[Records provided Boundary: Start]

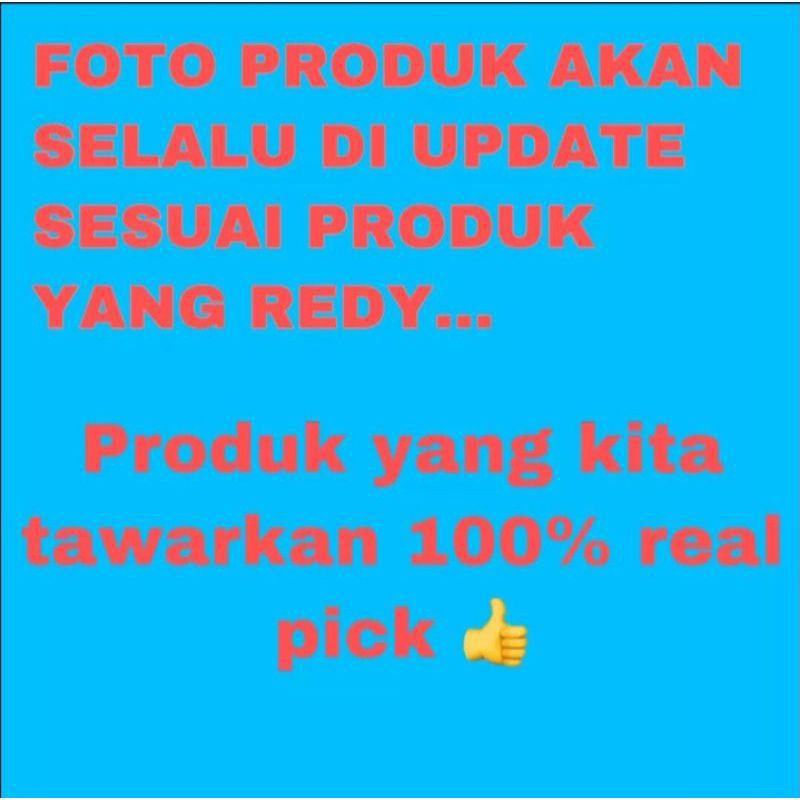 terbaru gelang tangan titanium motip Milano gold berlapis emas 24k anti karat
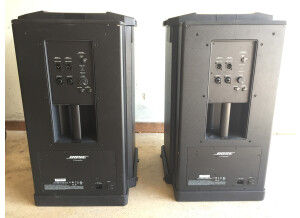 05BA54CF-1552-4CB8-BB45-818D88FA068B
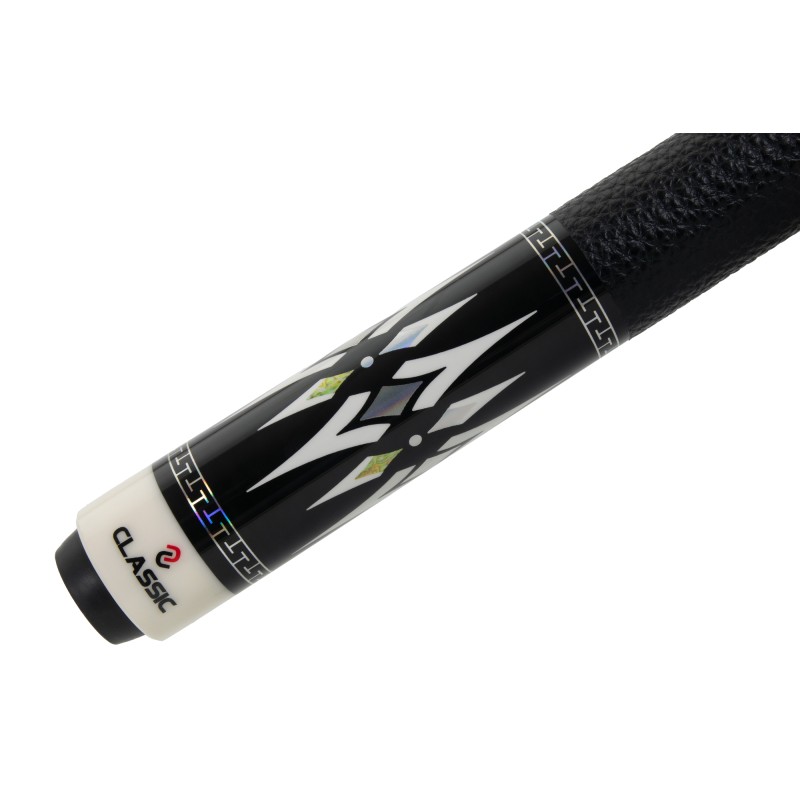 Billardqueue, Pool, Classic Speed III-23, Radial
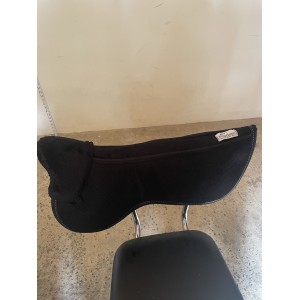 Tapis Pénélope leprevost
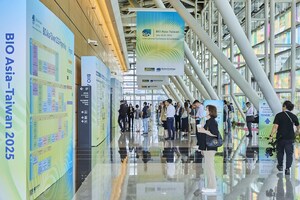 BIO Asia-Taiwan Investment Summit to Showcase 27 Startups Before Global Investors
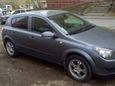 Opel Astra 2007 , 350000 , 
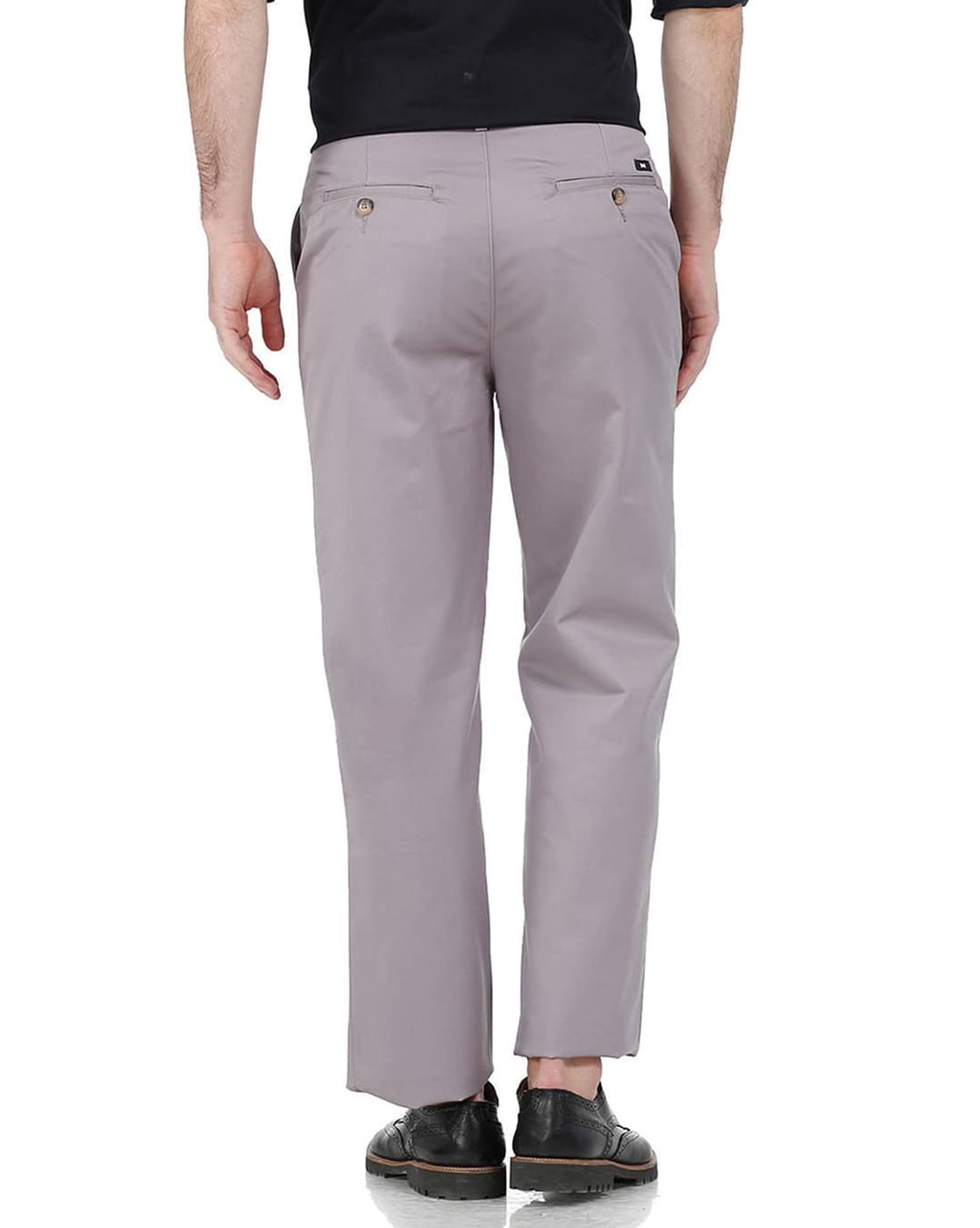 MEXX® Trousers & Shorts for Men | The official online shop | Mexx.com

[Records provided Boundary: End]

§ Work order:
Please transcribe exactly the lines from the one that contains "Tapis Pénélope leprevost" through the closing line of the entries, with no pictures.

§ Problem solution:
 Tapis Pénélope leprevost
 BIO Asia-Taiwan Investment Summit to Showcase 27 Startups Before Global Investors
 Opel Astra 2007 , 350000 , 
 MEXX® Trousers & Shorts for Men | The official online shop | Mexx.com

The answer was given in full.